Labeling your child by his/her disability, even if you just do it in your mind, changes things. It changes the way you view your child and the power you give the disability. Think about the adjectives you use to describe any people in your life, including yourself – “bright”, “sweet”, “fat”, “old”. Each word evokes an emotion, and if used long enough is who that person becomes…self-fulfilling prophesy.
It also allows the disability to loom large over the person’s whole being – and the family’s whole life. In many cases (our family included) it’s hard for the disability not to permeate the entire being of our existence. But, making a conscious effort to not give the disability labels a powerful position in our language helps.

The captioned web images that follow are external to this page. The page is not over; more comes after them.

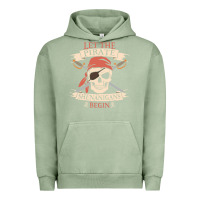 Pigment Oil Green let the pirate shenanigans begin skull vintage pirate skeleton hallowe Urban Hoodie - linhVisuals
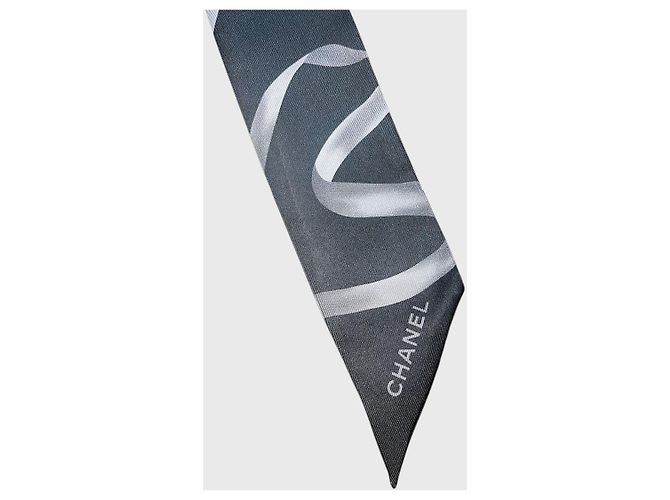 Foulard slim bandeau Chanel nero - vista 3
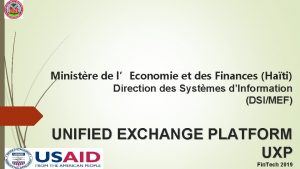 Ministre de lEconomie et des Finances Hati Direction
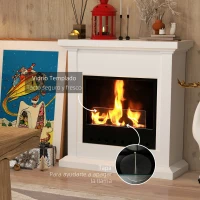 HOMCOM Estufa de Bioetanol de Pie con Tanque de 1,2 L Tiempo de Combustión 3H para Interiores 16-18 m² 63,5x24x66 cm Blanco(m-6)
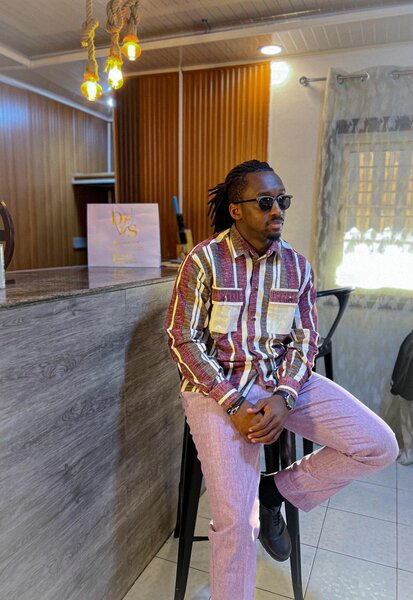 Chemise à motif rayé pour homme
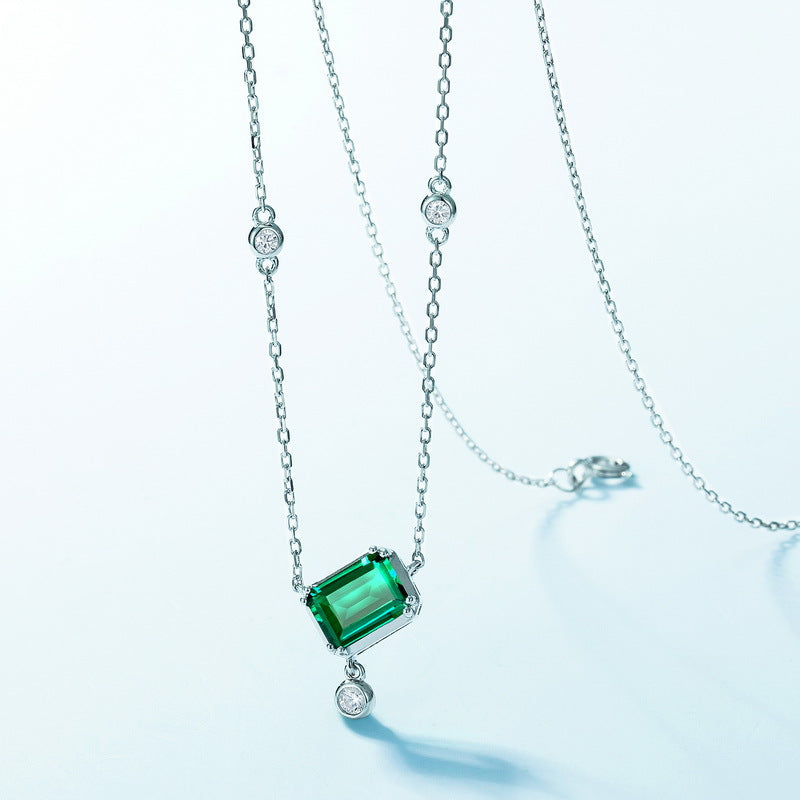 Square Emerald Gemstone Necklace S925 Silver 1.36 Carats Total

On the flip side, I don’t think we should be afraid of “calling a spade a spade”. And this, too, is a real problem, especially if the disability is mental, emotional, or neurological. I can still hear my parents whispers about the family in our small rural community whose son had Down’s Syndrome when I was a child. No one ever used the term “Down’s Syndrome” then (it was something more derogatory), but it was almost as if speaking the words outloud that there was a disability would bring bad luck and make it contagious. My parents were not being cruel, rude of judgmental, it was just a “secret” topic and one not discussed in public without hushed tones. But the message was that whatever was happening in that family was “bad”, “shameful” and to be hidden. There are still way too many whispers about mental illness, autism, trauma, developmental delays...the list goes on.
So, as aggravating and burdensome as it is, on top of everything else we’re saddled with as parents of children with disabilities, we have to be the torch bearers -- the spokespeople, if you will, for setting the standards of how the world views people with disabilities. The language we use, the frequency and tone in which we speak of our children and their disabilities all influence others around us. Yes, I know that it’s not fair that we carry this responsibility on top of all others. And many families decide total privacy is a good way to protect their children and themselves from having to become that spokesperson or poster child. But then the whispering starts…and that does little to change the way the world views our precious children and the struggles our families face.